::: Data section
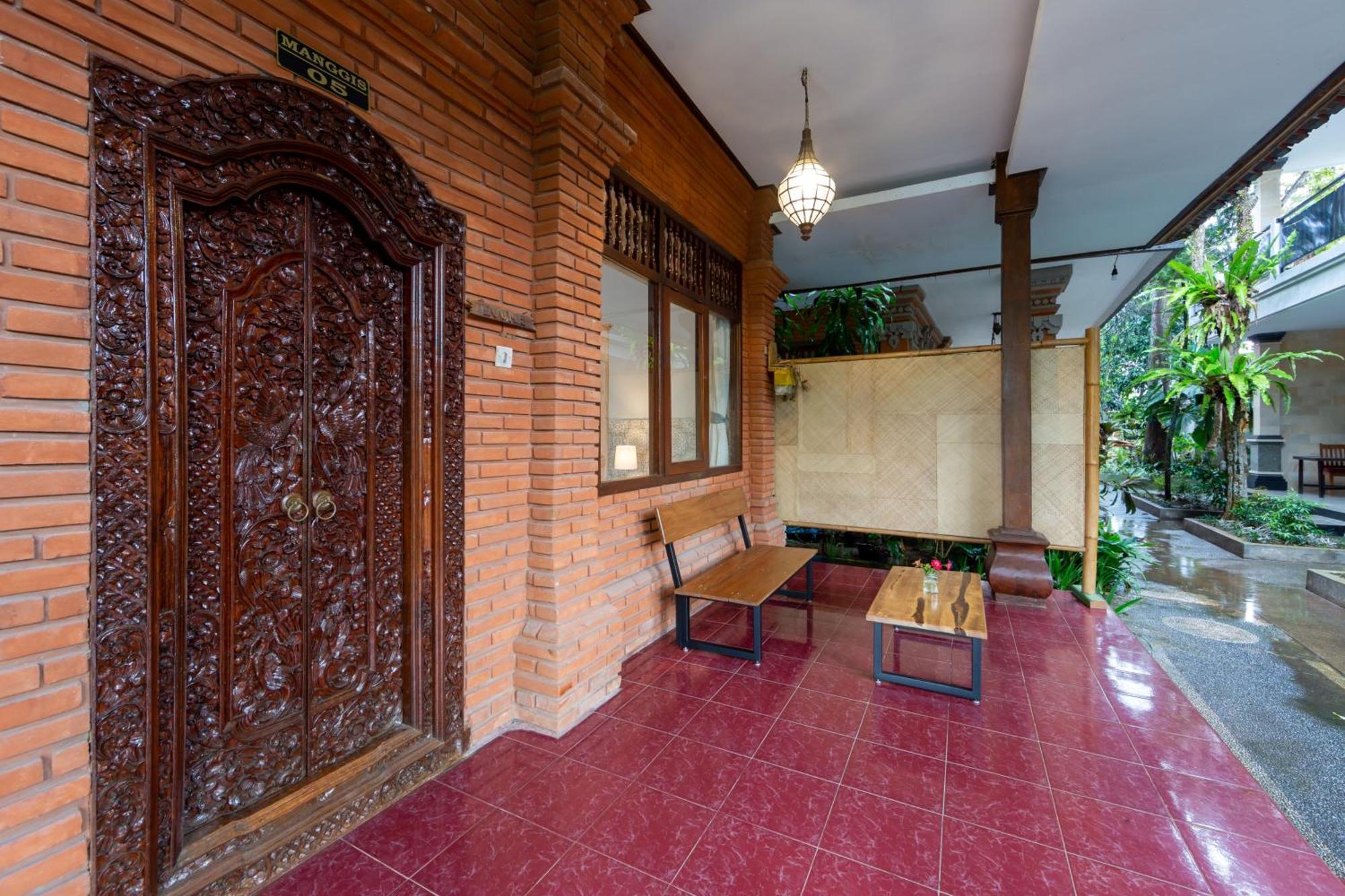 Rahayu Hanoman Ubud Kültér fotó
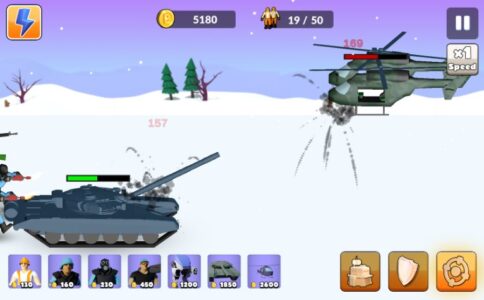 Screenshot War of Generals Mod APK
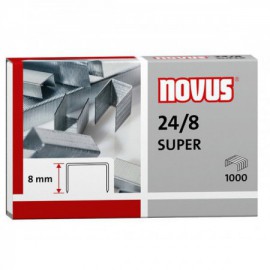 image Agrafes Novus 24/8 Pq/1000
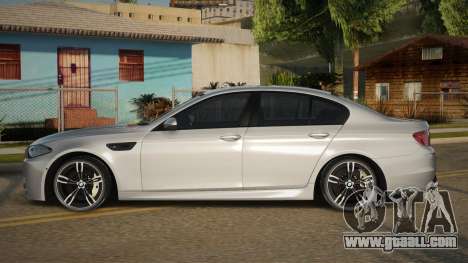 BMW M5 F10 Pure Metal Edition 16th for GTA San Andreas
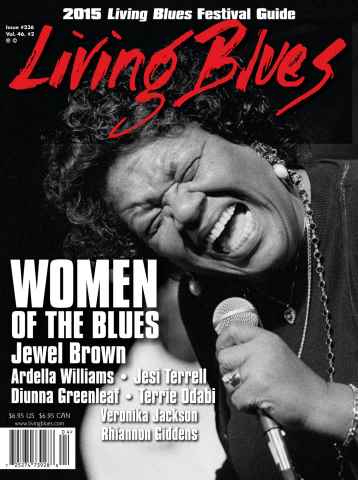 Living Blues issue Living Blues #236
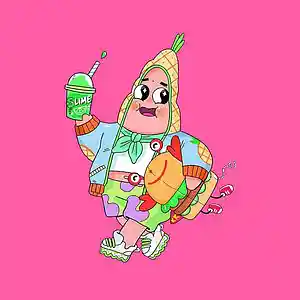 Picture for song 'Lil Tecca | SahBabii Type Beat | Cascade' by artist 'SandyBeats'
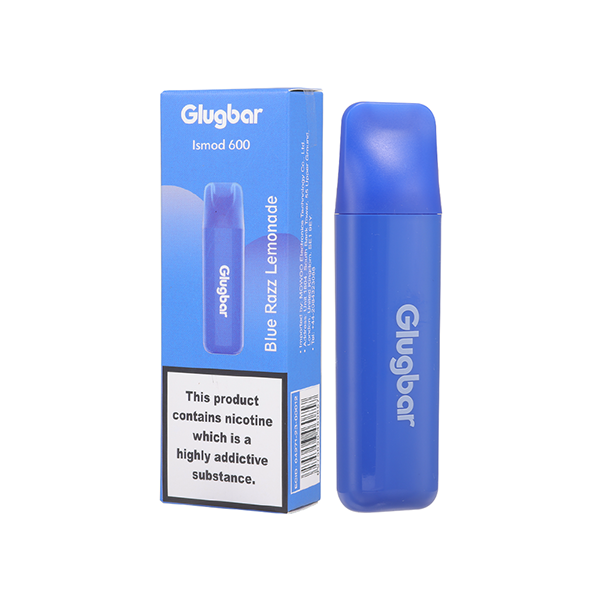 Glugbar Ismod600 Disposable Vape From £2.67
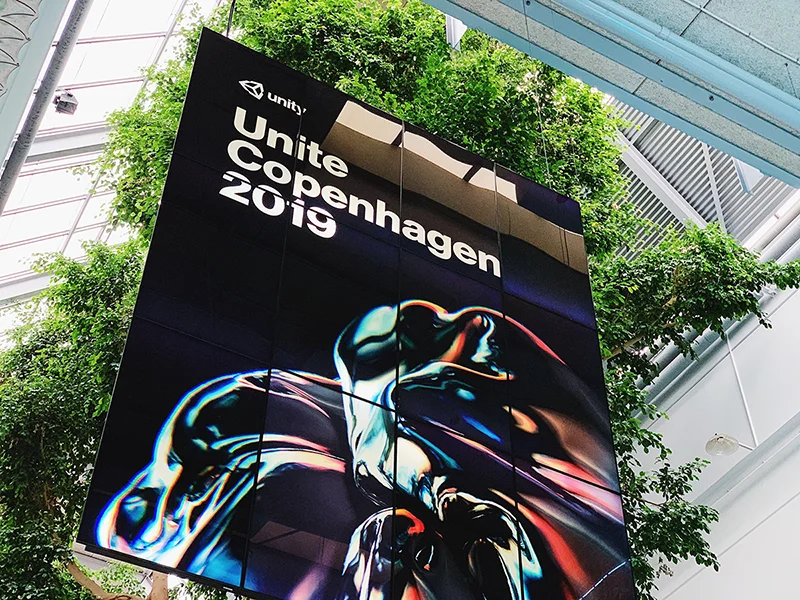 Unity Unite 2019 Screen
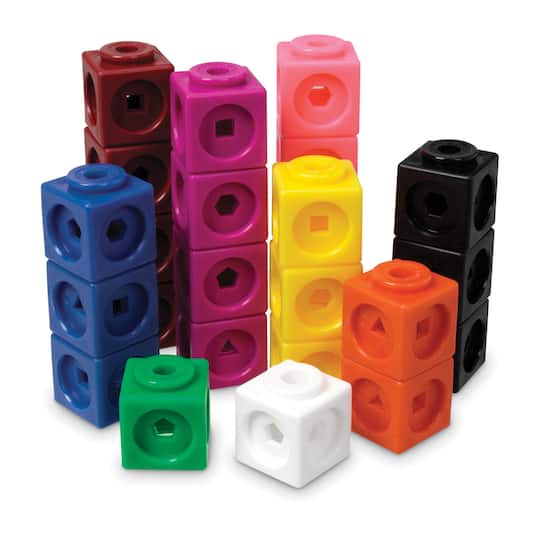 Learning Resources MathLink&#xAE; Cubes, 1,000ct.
::::::
▸ **Problem to solve**:
Copy all of the data above exactly. Leave out every picture.

▸ **Answer section**:
 Rahayu Hanoman Ubud Kültér fotó
 Screenshot War of Generals Mod APK
 image Agrafes Novus 24/8 Pq/1000
 BMW M5 F10 Pure Metal Edition 16th for GTA San Andreas
 Living Blues issue Living Blues #236
 Picture for song 'Lil Tecca | SahBabii Type Beat | Cascade' by artist 'SandyBeats'
 Glugbar Ismod600 Disposable Vape From £2.67
 Unity Unite 2019 Screen
 Learning Resources MathLink&#xAE; Cubes, 1,000ct.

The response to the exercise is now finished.